• Data records:
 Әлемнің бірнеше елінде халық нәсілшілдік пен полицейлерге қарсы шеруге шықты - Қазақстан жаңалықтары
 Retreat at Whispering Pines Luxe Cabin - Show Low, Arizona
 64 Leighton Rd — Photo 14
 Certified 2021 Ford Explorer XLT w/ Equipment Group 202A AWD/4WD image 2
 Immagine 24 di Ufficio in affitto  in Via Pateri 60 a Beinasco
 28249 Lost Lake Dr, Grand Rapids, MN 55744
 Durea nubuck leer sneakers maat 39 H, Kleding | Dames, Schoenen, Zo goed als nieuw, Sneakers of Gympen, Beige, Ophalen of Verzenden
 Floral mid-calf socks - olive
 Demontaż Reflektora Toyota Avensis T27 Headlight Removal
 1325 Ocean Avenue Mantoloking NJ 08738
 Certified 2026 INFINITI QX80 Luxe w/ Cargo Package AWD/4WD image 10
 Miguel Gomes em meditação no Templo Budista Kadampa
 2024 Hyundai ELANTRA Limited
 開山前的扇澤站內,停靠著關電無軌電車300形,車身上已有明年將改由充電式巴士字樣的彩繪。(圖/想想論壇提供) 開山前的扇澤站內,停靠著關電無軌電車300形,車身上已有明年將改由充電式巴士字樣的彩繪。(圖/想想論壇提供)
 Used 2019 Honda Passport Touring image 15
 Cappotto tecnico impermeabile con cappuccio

• Task brief: Retype the records above in full, exactly as they appear.

• Reply to the exercise:
 Әлемнің бірнеше елінде халық нәсілшілдік пен полицейлерге қарсы шеруге шықты - Қазақстан жаңалықтары
 Retreat at Whispering Pines Luxe Cabin - Show Low, Arizona
 64 Leighton Rd — Photo 14
 Certified 2021 Ford Explorer XLT w/ Equipment Group 202A AWD/4WD image 2
 Immagine 24 di Ufficio in affitto  in Via Pateri 60 a Beinasco
 28249 Lost Lake Dr, Grand Rapids, MN 55744
 Durea nubuck leer sneakers maat 39 H, Kleding | Dames, Schoenen, Zo goed als nieuw, Sneakers of Gympen, Beige, Ophalen of Verzenden
 Floral mid-calf socks - olive
 Demontaż Reflektora Toyota Avensis T27 Headlight Removal
 1325 Ocean Avenue Mantoloking NJ 08738
 Certified 2026 INFINITI QX80 Luxe w/ Cargo Package AWD/4WD image 10
 Miguel Gomes em meditação no Templo Budista Kadampa
 2024 Hyundai ELANTRA Limited
 開山前的扇澤站內,停靠著關電無軌電車300形,車身上已有明年將改由充電式巴士字樣的彩繪。(圖/想想論壇提供) 開山前的扇澤站內,停靠著關電無軌電車300形,車身上已有明年將改由充電式巴士字樣的彩繪。(圖/想想論壇提供)
 Used 2019 Honda Passport Touring image 15
 Cappotto tecnico impermeabile con cappuccio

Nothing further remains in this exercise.